## Assignment
For every entry, reproduce the wording exactly and omit any image it holds.

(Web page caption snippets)
━━━━

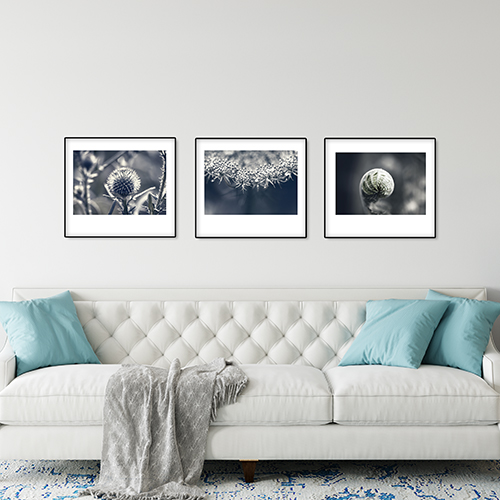 art foto photo art black and white nature plants wild nature macro photography decoration home best popular beautiful Marta Konieczny carduus framed thistle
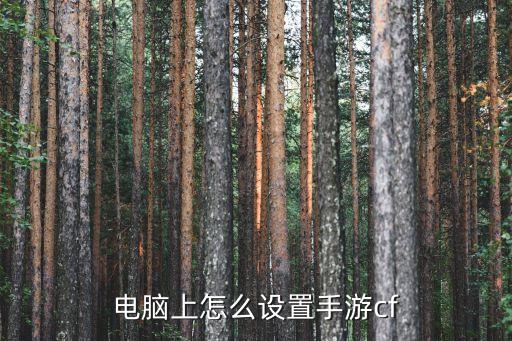 电脑上怎么设置手游cf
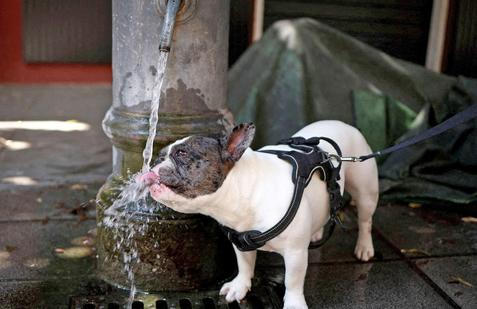 Heatwave grips Rome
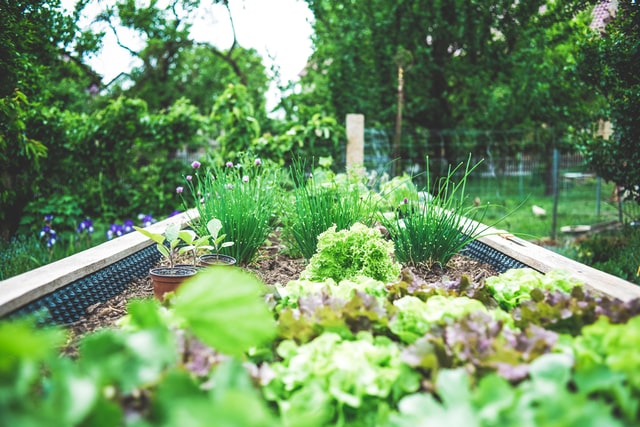 Alles wat je moet weten over kruiden tuinen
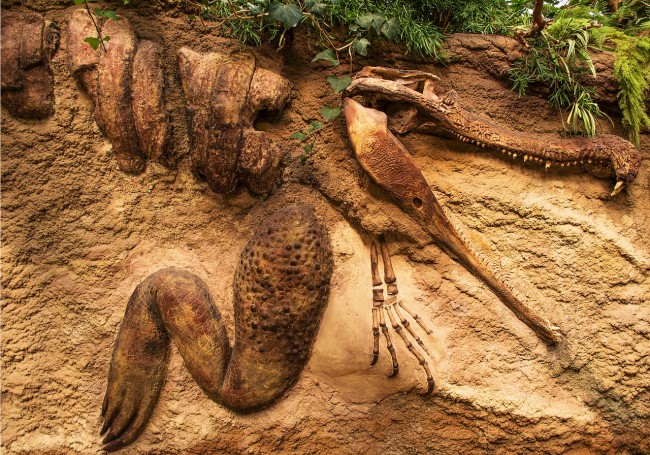Fossil crocodile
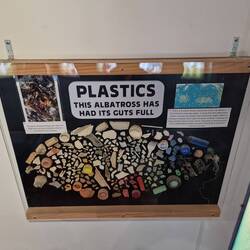 Plastik im Bauch eines toten Albatrossküken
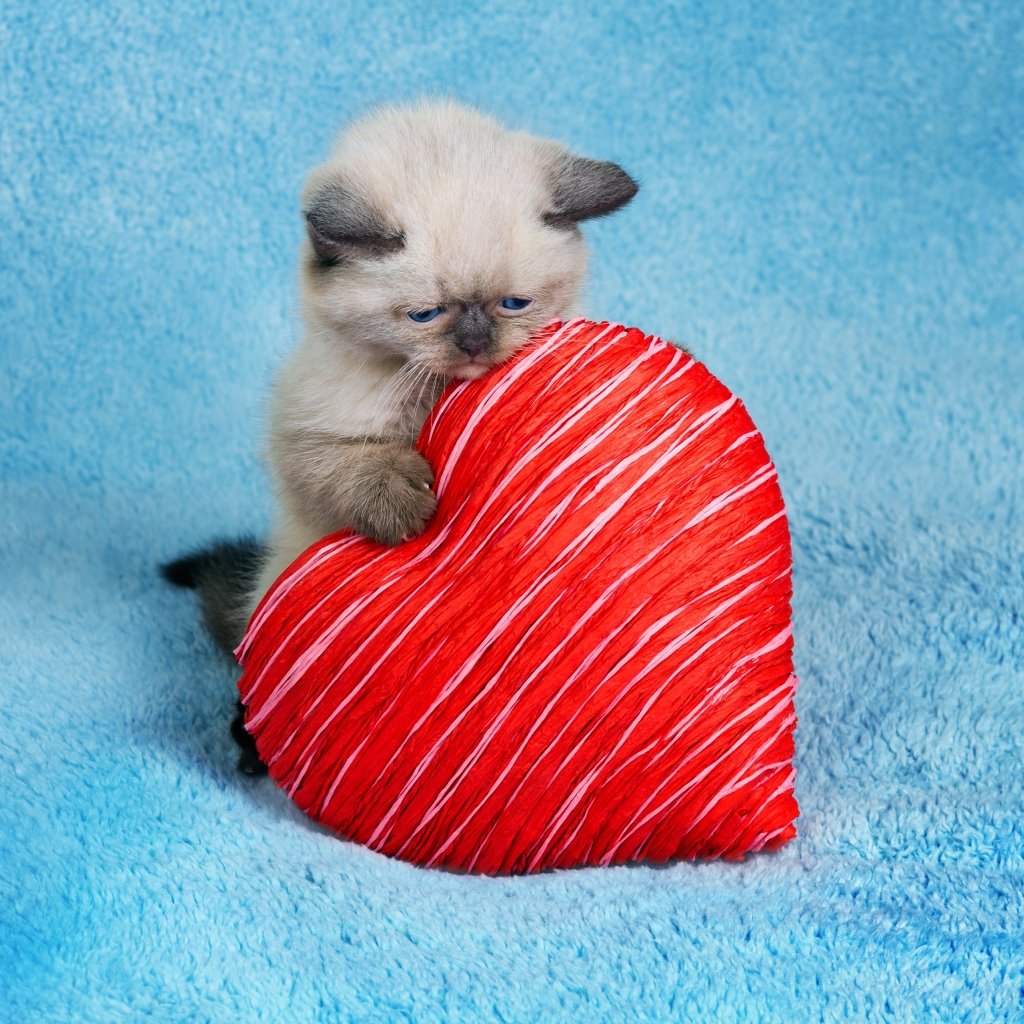 Custom Pet Pillow Checklist: Photo, Style and Placement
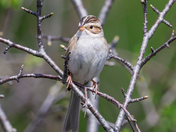 Clay-colored sparrow 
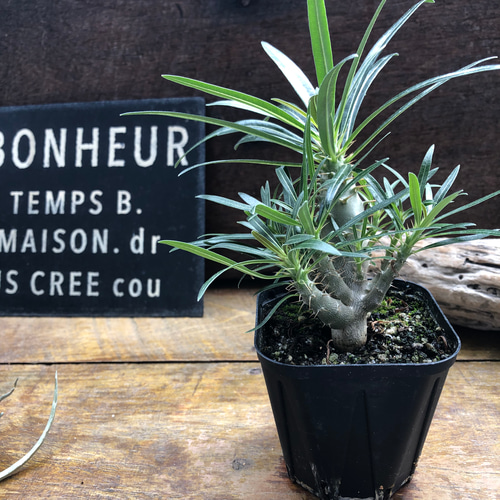 パキポデューム グラキリス♡塊根植物♡多肉植物♡コーデックス アート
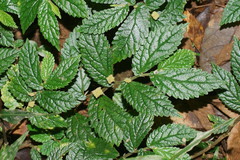 Elatostema reticulatum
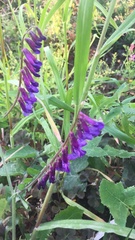 Vicia villosa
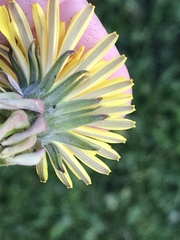 Taraxacum officinale
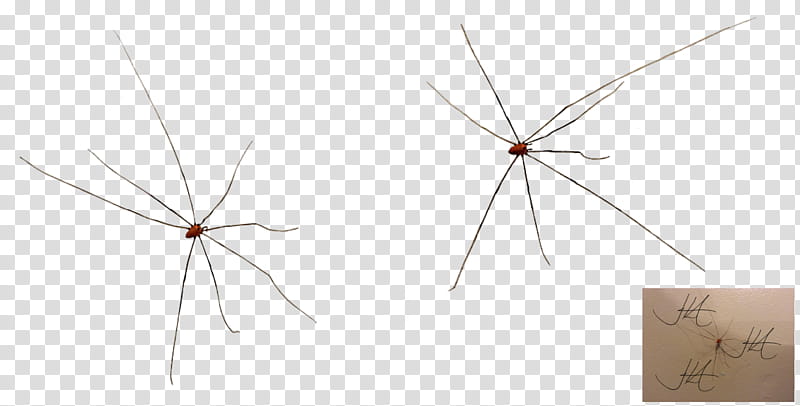 Daddy Long Leg transparent background PNG clipart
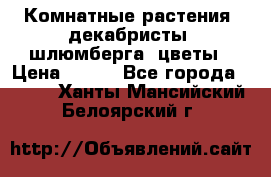 Комнатные растения, декабристы (шлюмберга) цветы › Цена ­ 300 - Все города  »    . Ханты-Мансийский,Белоярский г.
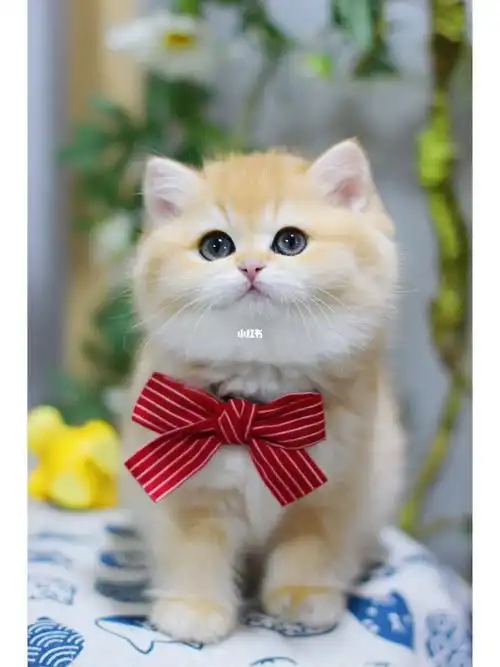 杭州猫舍  #金渐层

━━━━

## Task response
 art foto photo art black and white nature plants wild nature macro photography decoration home best popular beautiful Marta Konieczny carduus framed thistle
 电脑上怎么设置手游cf
 Heatwave grips Rome
 Alles wat je moet weten over kruiden tuinen
Fossil crocodile
 Plastik im Bauch eines toten Albatrossküken
 Custom Pet Pillow Checklist: Photo, Style and Placement
 Clay-colored sparrow 
 パキポデューム グラキリス♡塊根植物♡多肉植物♡コーデックス アート
 Elatostema reticulatum
 Vicia villosa
 Taraxacum officinale
 Daddy Long Leg transparent background PNG clipart
 Комнатные растения, декабристы (шлюмберга) цветы › Цена ­ 300 - Все города  »    . Ханты-Мансийский,Белоярский г.
 杭州猫舍  #金渐层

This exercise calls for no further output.